NASA is sending a 3D printer into space to manufacture parts in zero G.

(Credit: Made In Space)

NASA is sending a 3D printer into space to manufacture parts in zero G.

Space exploration would suddenly become a lot more accessible if astronauts could manufacture parts and equipment while they were up there, rather than relying on supply shuttles. It may or may not be quicker, depending on the size of the required part; but it could very possibly work out less expensive and free up space on shuttles for necessities such as food.

The current crop of 3D printers on the market seems dependent on gravity; but, as it turns out, NASA has been experimenting with 3D printing in microgravity since August 2011 to determine whether the extrusion method can be made to work in a low gravity environment. The answer, it appears, is in the affirmative: the space agency is about to deploy a 3D printer to the International Space Station for testing in zero G as the next step in the experiment.
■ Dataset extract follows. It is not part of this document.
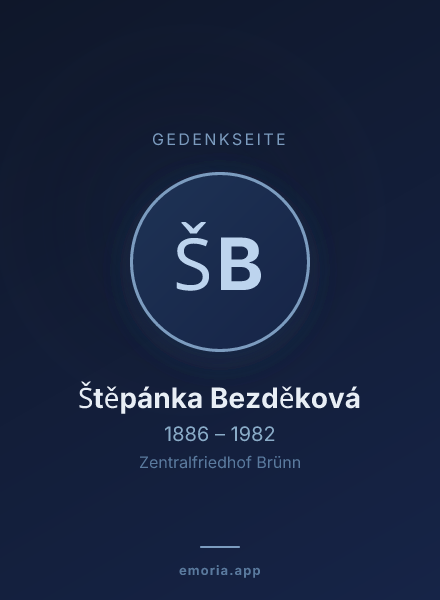 Gedenkportrait von Štěpánka Bezděková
"As NASA ventures further into space, whether redirecting an asteroid or sending humans to Mars, we'll need transformative technology to reduce cargo weight and volume," NASA Administrator Charles Bolden said. "In the future, perhaps astronauts will be able to print the tools or components they need while in space."

(Credit: Made In Space)

We've already seen a gravity-defying 3D printer, but the 3D printers in question is being custom designed for the 3D Printing in Zero-G project, by a new collective of space and 3D printing experts. Called Made In Space, it was founded in 2010 out of a NASA Ames program at Singularity University and includes co-founder of Bespoke Innovations Scott Summitt, who has 20 years in the 3D printing industry; Director of Strategic Research of Autodesk Gonzalo Martinez; Planetary Resources President Chris Lewicki; three-time Astronaut Dan Barry; and entrepreneurs Aaron Kemmer, Jason Dunn and Michael Chen.

The aim, of course, is to research how 3D printing works in space, including the long-term effects of microgravity on 3D printing, and demonstrating that 3D printing in space is useful by building necessary components and performing repairs.

"The 3-D Print experiment with NASA is a step towards the future," said Aaron Kemmer, CEO of Made in Space. "The ability to 3-D print parts and tools on demand greatly increases the reliability and safety of space missions while also dropping the cost by orders of magnitude. The first printers will start by building test items, such as computer component boards, and will then build a broad range of parts, such as tools and science equipment."

The printer itself will be sent up to the ISS sometime in 2014.